Tuesday, September 28, 2010

The Commons - Jessica

Libraries want to freely circulate information rather than putting a price tag on information.

If they put a price on every reading material, they are only hurting society. This is where the contrast between libraries and a public commons comes in place. For example, if I need to pay even a couple dollars to get an article, I won’t get it because I don’t want it bad enough. That could be a very potential risk for online articles that ask for money. When it’s free more people will participate. It all comes back to what we’ve talked about, how the information we know and have learned is usually not originally ours, but borrowed and learned from someone else.

I like the term commons, and how they describe the purpose of it. When I think of commons, I always think of a place where everyone gathers together for one reason or another. It’s a great term to describe how libraries can be used in the future. The name demonstrates an open free place for discussion of any type. The library, a free source of information that belongs to the public, should not be privatized to make more money. What would life look like if most information on the internet was free for public use? We could be so much more knowledgeable and be bettering society in a million different ways. As they stated in the commons article, the most important gift we can give to society is the ability to educate our children, give the citizens information they need to make good choices, and continually restructure our culture by giving and taking traditions. The commons website was great to look at as I didn’t have trouble accessing any of the articles. I felt empowered to look at information and grow as a person with the accessibility to information.

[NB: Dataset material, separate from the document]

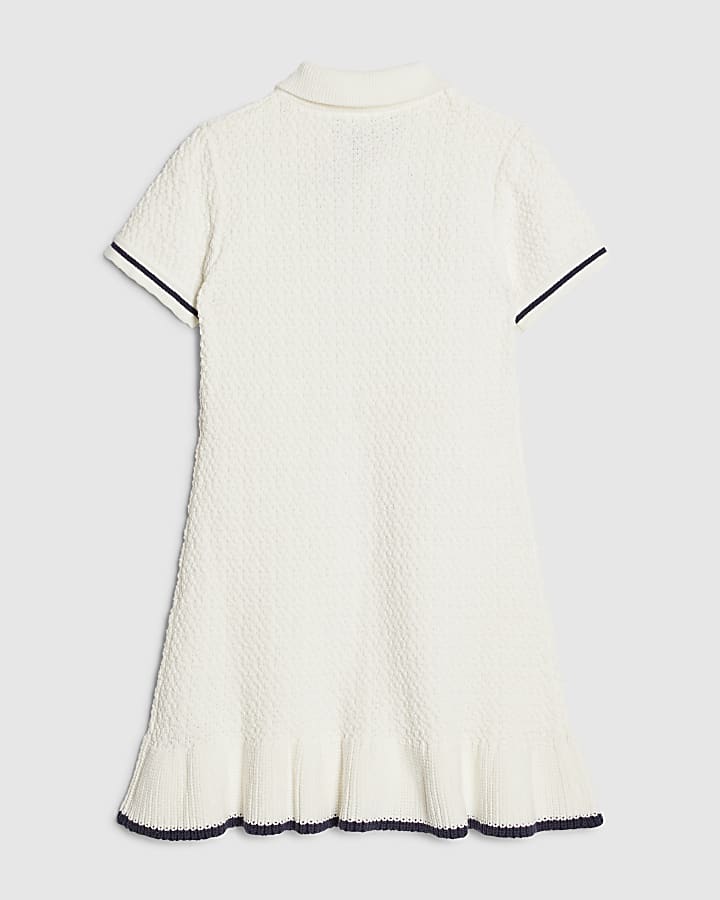 Girls Cream Boucle Bow Dress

Vaidhyanathan describes the internet library of information heading towards becoming an anarchy, where our government is in control of it all. This puts limitations on information giving and peer-to-peer sharing of information. He, like Bollier, is worried about the concealment of information on the internet. He is scared that the government will have so much control over the internet that they will be crushing the democracy that we have by controlling what we can look at, give out, and use to better ourselves. They can make money off of it, by putting a price tag on the resources we want to get. The internet should not be this way at all. If we really want to grow in the future, I agree with both of these authors that we need to have a common internet library, where information is free to give and take.